Comment by 112233 2 days ago

3 replies

> Is there a drawback to this approach?

You mean, apart from no existing code working like that? It is not possible for process that creates descriptor to fsync it, because in many very important cases that descriptor outlives the process.

What do you propose should "exec cat a.txt > b.txt" shell command do?

nh2 2 days ago

> no existing code working like that

That doesn't really matter for discussing how correct code _should_ be written.

Also, a good amount of existing code works like that. For example, if you `with open(..) as f:` a file in Python and pass it as an FD to a `subprocess` call, you can fsync and close it fine afterwards, and Python code bases that care about durability and correct error reporting do that.

> What do you propose should "exec cat a.txt > b.txt" shell command do?

That code would be wrong according to my proposed approach of who should be responsible for what (which is what the blog post discusses).

If you create the `b.txt` FD and you want it fsync'ed, then you can't `exec`.

It's equivalent to "if you call malloc(), you should call free()" -- you shouldn't demand that functions you invoke will call free() on your pointer. Same for open files.

  • 112233 2 days ago

    > you can fsync and close it fine afterwards

    No you cannot. Once you pass descriptor to another process, that process can pass it to yet another process, fork and detach, send it via SCM_RIGHTS, give "/proc/PID/fd/N" path to something etc.

    Never assume descriptor cleanup will happen, unless you have complete control over everything.

  • duped 2 days ago

    > That doesn't really matter for discussing how correct code _should_ be written.

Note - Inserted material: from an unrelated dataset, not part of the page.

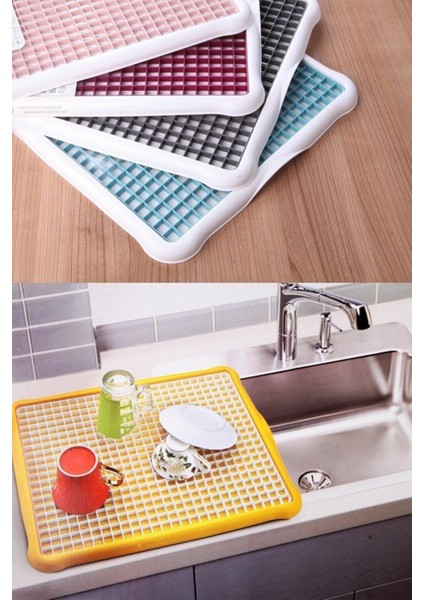 Büyük Boy Pembe Tezgah Üstü Süzmatik Bulaşık Kurutmalığı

    It absolutely does when you're talking about the semantics of virtually every program on earth

    > It's equivalent to "if you call malloc(), you should call free()" -- you shouldn't demand that functions you invoke will call free() on your pointer. Same for open files.

    There are many cases where the one calling malloc cannot be the one calling free and must explicitly document to callers/callees who is responsible for memory deallocation. This is a good example of where no convention exists and it's contextual.

    But open files aren't memory and one cannot rely on file descriptors being closed without errors in practice, so people don't, and you can't just repave decades of infrastructure for no benefit out of ideological purity.